Blasting St. Vincent's Rock, Clifton is a watercolor created by Norwich artist John Sell Cotman. Created in 1830, it is held in the Indianapolis Museum of Art.

==Description==
In the foreground, there is a boat, floating down the Avon River, right outside Bristol. There is a second boat, further down the river, nearer to the action of the painting. The dark, rocky cliffs on the left are juxtaposed with the light, sheer cliffs on the right, creating a deep contrast for the centre, where the river runs through. The subject of the painting, not in the foreground, is a chunk of limestone being blown off the cliff face, in preparation for the construction of the Clifton Suspension Bridge.

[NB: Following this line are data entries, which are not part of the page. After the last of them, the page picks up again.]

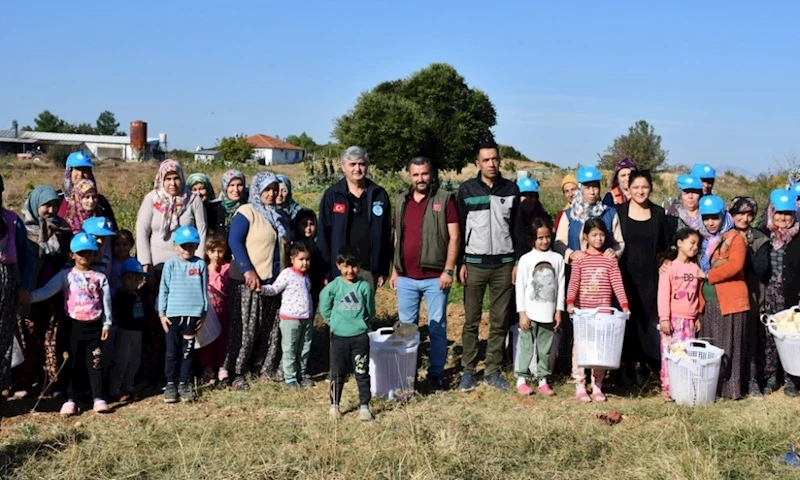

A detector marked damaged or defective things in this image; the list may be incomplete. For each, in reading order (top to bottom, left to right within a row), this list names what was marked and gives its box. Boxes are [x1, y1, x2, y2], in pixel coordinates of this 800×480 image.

rusty water tank [130, 121, 147, 162]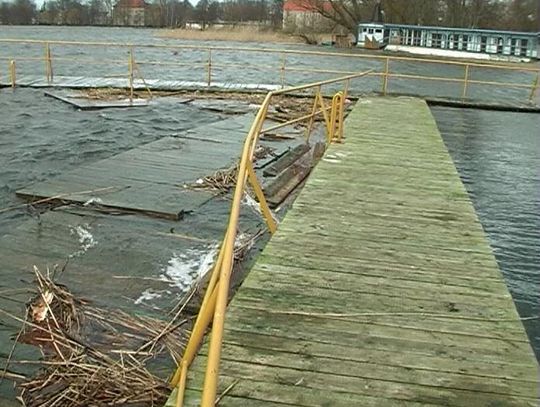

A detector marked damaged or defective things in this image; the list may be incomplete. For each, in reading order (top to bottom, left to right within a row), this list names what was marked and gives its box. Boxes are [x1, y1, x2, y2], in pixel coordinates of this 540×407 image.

damaged wooden dock [178, 98, 540, 407]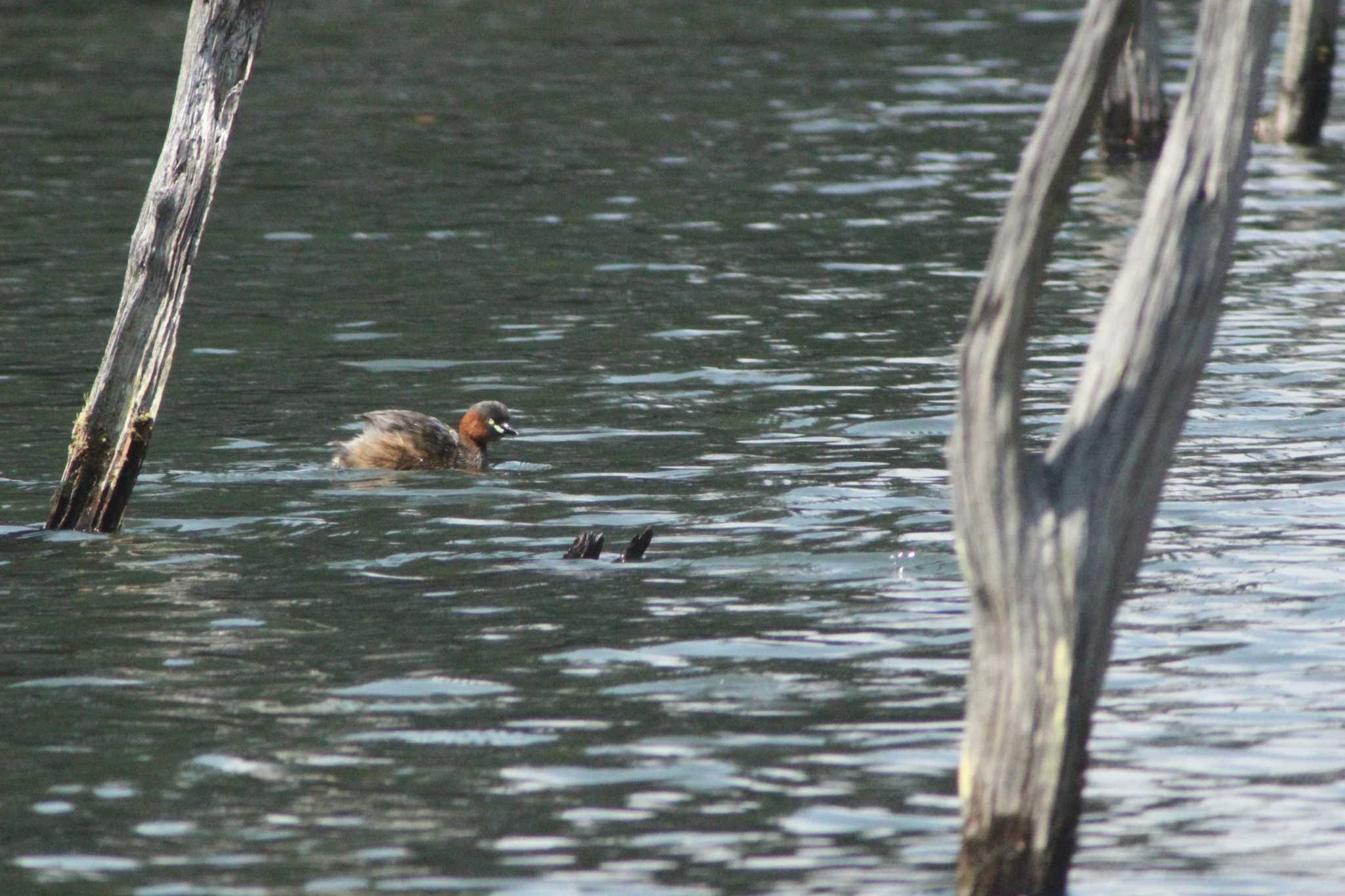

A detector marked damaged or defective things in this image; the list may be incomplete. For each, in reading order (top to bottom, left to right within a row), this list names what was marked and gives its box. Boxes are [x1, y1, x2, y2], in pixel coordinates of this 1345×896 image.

broken post stump [47, 0, 270, 532]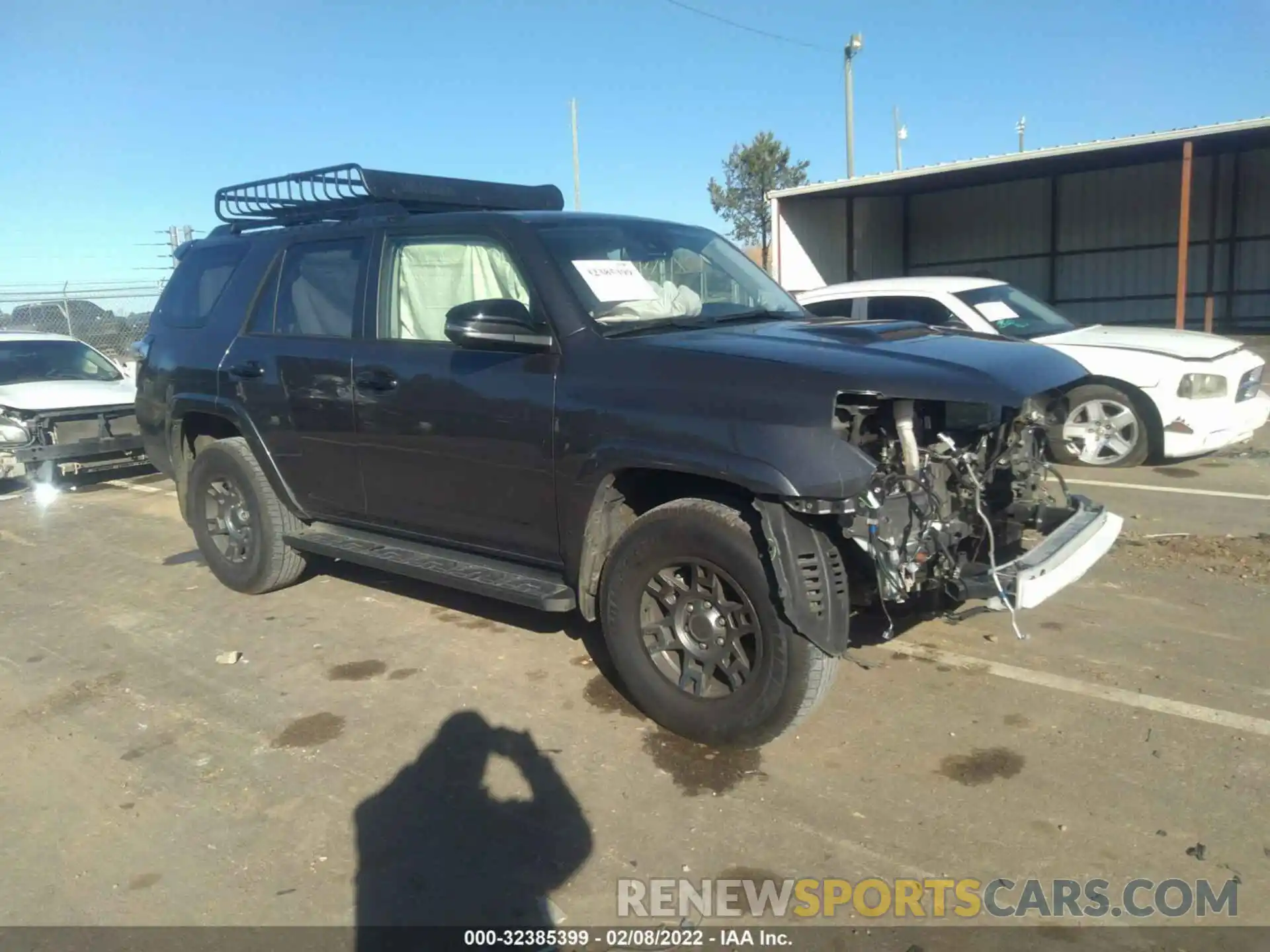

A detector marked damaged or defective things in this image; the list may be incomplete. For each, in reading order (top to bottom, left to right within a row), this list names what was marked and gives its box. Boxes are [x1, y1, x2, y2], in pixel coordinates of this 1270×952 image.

white car with damaged front [0, 335, 146, 485]
damaged front end [0, 406, 146, 485]
damaged front end [751, 391, 1122, 654]
white car with damaged front [797, 278, 1265, 467]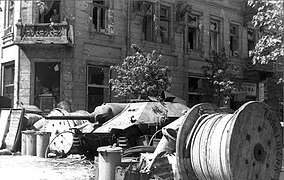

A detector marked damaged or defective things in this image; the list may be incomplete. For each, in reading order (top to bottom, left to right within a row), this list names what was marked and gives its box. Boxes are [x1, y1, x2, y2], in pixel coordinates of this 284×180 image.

==Historical information==
The subject matter was given to Cotman by his friend and patron, Reverend James Bulwer, who lived in Bristol. The view is believed to be one of the last views from this popular vantage point, as the view was lost in 1831, when construction of the Clifton Suspension Bridge started. Cotman's style of watercolor varied from his contemporaries, opting to use watercolors like paint, instead of a tint. He used the paints in unique ways, using the translucent quality of the medium to his full advantage.

===Acquisition===
The Indianapolis Museum of Art purchased Blasting St. Vincent's Rock in 1999, using the Beeler Fund, the Mr. and Mrs. Spurlock Fund and James E. Roberts fund.